Running her own multiple 6-figure coaching & mentoring business for over 10 years, Kay shows her clients, who are corporate career women at all different stages of their careers, how to naturally attract more income and opportunity while being true to themselves.

Kay’s clients learn how to present themselves most effectively at work and to combine strategic, planned career move-making steps with influencing skills. She also teaches compelling and assertive language and powerful mindsets around, for example, money, ambition and worthiness. She draws on her own 20+ years corporate career in the male-dominated world of London insurance broking. Kay started her career at 18 as a Secretary and left as a Director, having also worked for the company in Paris, to start her own coaching business.

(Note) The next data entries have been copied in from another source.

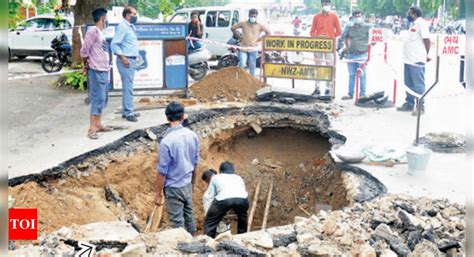 Ahmedabad: 47 sinkholes this year and counting | Ahmedabad News - Times ...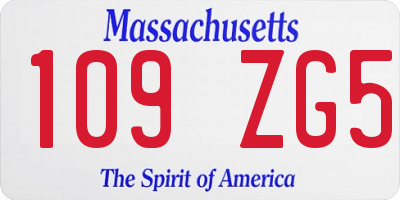 MA license plate 109ZG5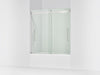 Kohler Levity Frameless sliding bath door, 61-9/16" H x 56-5/8 - 59-5/8" W, with 5/16"-thick Crystal Clear glass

Some of her ex-colleagues have become clients and Kay still speaks French – now more enthusiastically than fluently.

Hosting an annual 3-day Live Event for corporate career women “Show Up; Sparkle & Be Heard LIVE” Kay encourages and shows women how to be the best, most valuable version of themselves so they’re ready to be paid what their worth and go for what they want with certainty. Crucially too, how to have more ease and more fun as you plan your way forward.

Kay is author of the Number 1 Best-Seller “The A to Z of Being Understood” and you can connect and find out more from Kay at: www.kaywhite.com

Living close to London with rescue sighthounds, Jeffrey, Pharaoh & DeeDee, much of Kay’s inspiration comes from walking ‘the hounds’ as she calls them – whatever the UK weather – early in the mornings in the local countryside. Kay’s husband says she’s the Pack Leader and he knows he’s part of the pack.